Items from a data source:
*-*-*

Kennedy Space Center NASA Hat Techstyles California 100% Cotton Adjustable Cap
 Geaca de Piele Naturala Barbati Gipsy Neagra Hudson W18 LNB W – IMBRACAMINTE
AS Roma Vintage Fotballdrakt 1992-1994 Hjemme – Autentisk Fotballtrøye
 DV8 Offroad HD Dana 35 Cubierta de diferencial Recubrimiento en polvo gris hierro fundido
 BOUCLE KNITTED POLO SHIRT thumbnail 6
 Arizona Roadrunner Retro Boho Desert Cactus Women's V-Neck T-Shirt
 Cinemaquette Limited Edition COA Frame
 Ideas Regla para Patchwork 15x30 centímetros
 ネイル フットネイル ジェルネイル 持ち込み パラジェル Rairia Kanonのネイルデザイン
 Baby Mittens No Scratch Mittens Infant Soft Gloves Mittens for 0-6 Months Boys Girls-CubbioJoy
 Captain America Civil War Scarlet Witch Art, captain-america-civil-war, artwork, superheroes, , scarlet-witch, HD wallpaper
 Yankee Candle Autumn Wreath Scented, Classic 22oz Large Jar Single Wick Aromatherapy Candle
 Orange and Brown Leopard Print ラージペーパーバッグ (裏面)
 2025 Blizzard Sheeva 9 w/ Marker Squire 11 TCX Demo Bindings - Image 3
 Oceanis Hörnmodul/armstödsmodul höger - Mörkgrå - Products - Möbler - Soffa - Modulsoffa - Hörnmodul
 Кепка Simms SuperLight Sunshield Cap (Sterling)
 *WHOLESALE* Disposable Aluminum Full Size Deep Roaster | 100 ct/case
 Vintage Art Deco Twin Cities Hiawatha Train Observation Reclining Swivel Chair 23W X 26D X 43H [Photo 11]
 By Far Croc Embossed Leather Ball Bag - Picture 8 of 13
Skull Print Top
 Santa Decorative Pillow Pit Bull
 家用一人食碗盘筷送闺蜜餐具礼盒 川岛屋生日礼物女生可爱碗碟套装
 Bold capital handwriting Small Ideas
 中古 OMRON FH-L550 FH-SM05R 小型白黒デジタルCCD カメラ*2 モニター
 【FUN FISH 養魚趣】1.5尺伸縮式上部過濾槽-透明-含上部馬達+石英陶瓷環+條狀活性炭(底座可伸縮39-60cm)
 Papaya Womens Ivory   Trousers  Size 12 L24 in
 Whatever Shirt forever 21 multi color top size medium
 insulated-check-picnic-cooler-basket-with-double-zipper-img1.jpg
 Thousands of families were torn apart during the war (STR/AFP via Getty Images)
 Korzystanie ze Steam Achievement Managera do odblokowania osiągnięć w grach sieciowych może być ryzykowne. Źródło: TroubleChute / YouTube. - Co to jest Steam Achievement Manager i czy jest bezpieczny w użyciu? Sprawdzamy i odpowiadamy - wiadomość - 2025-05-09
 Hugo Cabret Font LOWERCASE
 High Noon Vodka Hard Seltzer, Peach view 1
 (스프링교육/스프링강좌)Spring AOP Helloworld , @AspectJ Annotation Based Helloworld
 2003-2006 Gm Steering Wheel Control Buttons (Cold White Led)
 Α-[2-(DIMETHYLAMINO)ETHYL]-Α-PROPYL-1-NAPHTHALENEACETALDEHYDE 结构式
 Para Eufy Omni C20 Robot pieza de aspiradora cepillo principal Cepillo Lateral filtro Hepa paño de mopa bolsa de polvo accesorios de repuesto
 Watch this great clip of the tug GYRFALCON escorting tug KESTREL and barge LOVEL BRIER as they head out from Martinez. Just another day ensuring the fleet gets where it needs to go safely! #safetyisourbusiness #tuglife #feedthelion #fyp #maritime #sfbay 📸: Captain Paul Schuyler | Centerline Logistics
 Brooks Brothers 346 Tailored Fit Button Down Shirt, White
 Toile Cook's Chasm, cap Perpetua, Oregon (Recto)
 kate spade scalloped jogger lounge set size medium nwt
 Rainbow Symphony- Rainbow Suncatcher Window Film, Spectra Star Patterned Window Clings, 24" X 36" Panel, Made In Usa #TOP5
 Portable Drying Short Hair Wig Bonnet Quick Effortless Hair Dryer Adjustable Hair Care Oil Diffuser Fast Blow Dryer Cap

*-*-*

Task instructions:
Begin at the first line of the entries above and copy every line exactly, ending with the line that contains "DV8 Offroad HD".

Task output:
Kennedy Space Center NASA Hat Techstyles California 100% Cotton Adjustable Cap
 Geaca de Piele Naturala Barbati Gipsy Neagra Hudson W18 LNB W – IMBRACAMINTE
AS Roma Vintage Fotballdrakt 1992-1994 Hjemme – Autentisk Fotballtrøye
 DV8 Offroad HD Dana 35 Cubierta de diferencial Recubrimiento en polvo gris hierro fundido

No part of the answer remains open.